Letters To The Editor | July 19-25, 2018

The unfiltered truth about vegan wine

Your article on Toronto’s vegan scene (NOW, July 12-18) makes a broad generalization about wine not being vegan with its statement that most bottles at the LCBO aren’t vegan “because the filtration process usually involves animal products such as bone marrow.” 

In fact, although some wines are “fined,” as the process is called, with egg white, milk protein or a substance called isinglass produced from the bones of fish, increasingly producers are using bentonite, a form of clay, for this purpose.

Although none of these substances are actually present in finished wines, federal allergen regulations require wines be labelled (“may contain fish, eggs, milk, etc.”) if any of these animal-based substances are used in the production process. 

Howard Kaman, Toronto

Climate change is killing us, people

I live in Toronto and have been sweating now for over a month. The rainfall has been pitiful and the grass in parks and other civic areas is brown. Climate change is here. Others, too, are suffering. There were massive forest fires in BC last summer, and flooding in the Prairies and Maritimes this spring. 

Record temperatures have also been set in recent weeks in Asia to the Middle East, in southern Europe and North Africa and from Quebec to California. People are suffering and dying. 

We need a real plan to transition off fossil fuels. Not more pipelines.

Katherine-Anne Skinner, Toronto

Lost on lingo 

Regarding your review of The Girl in The Photograph at the Toronto Fringe Festival by David Silverberg (NOW Online, July 7). 

As a member of the Toronto theatre community, we feel the need to call you out on some important comments in the review. We are referring to the following: “What hurts the show for English-only audiences are the many key pieces of dialogue spoken in Spanish, without any translation. As authentic as the show creators want to make the Mexico-set show, that language barrier will leave some audiences feeling lost.”

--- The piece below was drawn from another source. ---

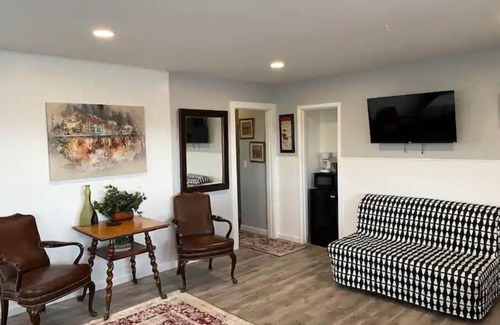 Eiber Apartment | 2 Rockleys Family Suite EV Charging Availible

Part of being a Torontonian is hearing a variety of other languages and experiencing a diversity of cultures depending on what part of the city you’re in. Approximately half the city’s residents don’t speak English as their first language.

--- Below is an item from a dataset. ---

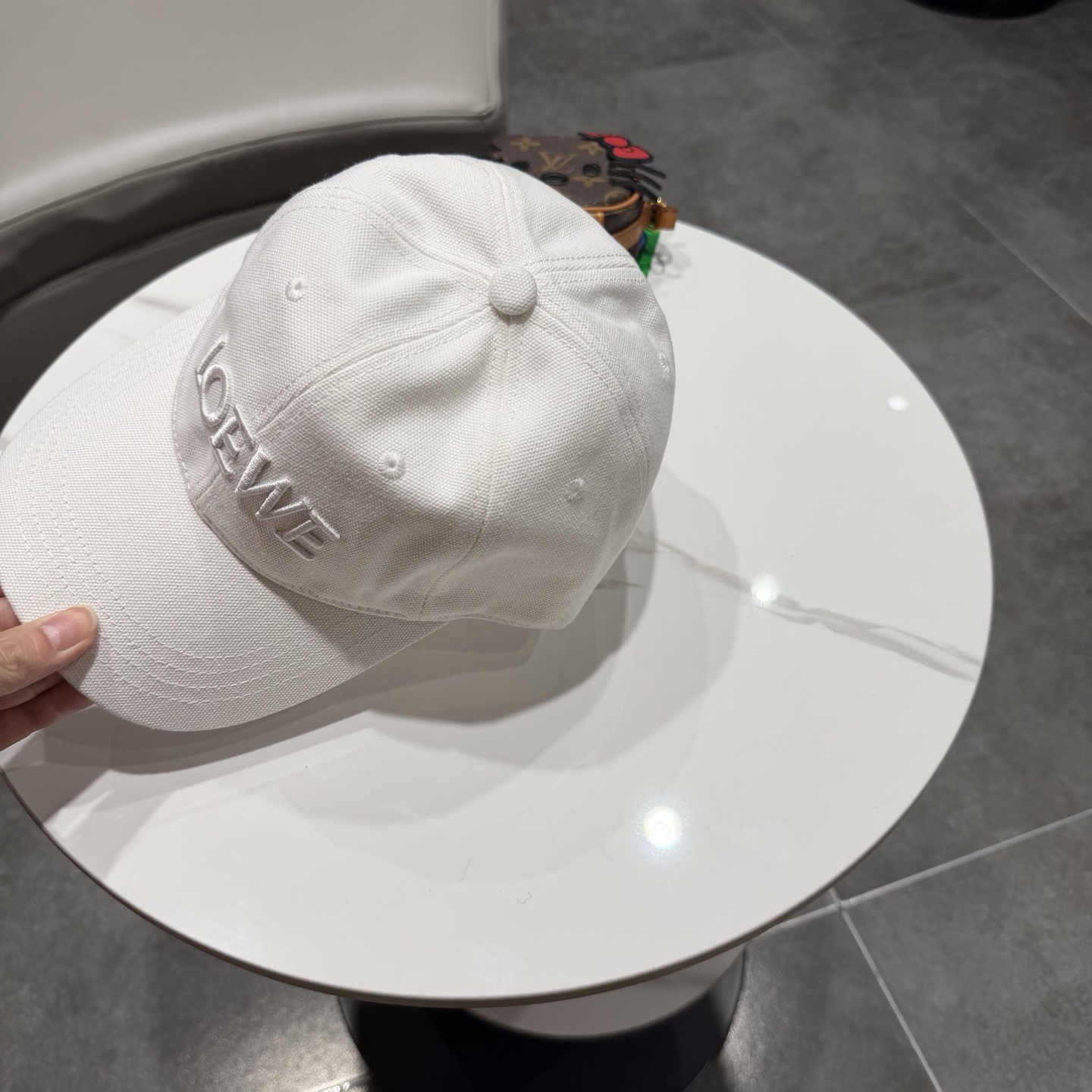 👒罗意威👒LOEWE官网新款原版原标设计棒球帽🧢质感超好，外部线条定位标准，做工精细，简约大气低价走量！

If our use of Spanish truly bothered the reviewer so much, we question what his experience of Toronto has been.

Part of our use of another language was to provoke audiences to pay closer attention to behaviours in order to follow the scenes. We took great care on selecting the lines in Spanish to ensure that key plot lines were not lost in translation. 

We come from a philosophy that believes human behaviour speaks louder than words. This is a huge part of our show and is an opportunity to embrace connection, no matter what language we speak.

Andrea Cabeza, Executive producer, On behalf of the creative team of The Girl In The Photograph

City has lots of bike lanes – they’re called sidewalks

Recent NOW articles state that Toronto needs more bicycle lanes (NOW, July 5-11), but this is not the case. Almost every street in the city already has wide, well-maintained and separated bicycle lanes on both sides that are used by a large number of cyclists on a regular basis. 

Colloquially referred to as “sidewalks,” they are for the use of pedestrians, but now they provide a welcome alternative to cyclists who are terrified of riding in heavy traffic.

Sure, most pedestrians are annoyed about the nuisance of having to share space with bicyclists slaloming around them but what can they do, eh? Everyone knows that the bylaw against riding on the sidewalk is never enforced. 

And those on foot always have to jump out of the way since in any collision between a cyclist and a pedestrian, the pedestrian invariably gets the worst of it.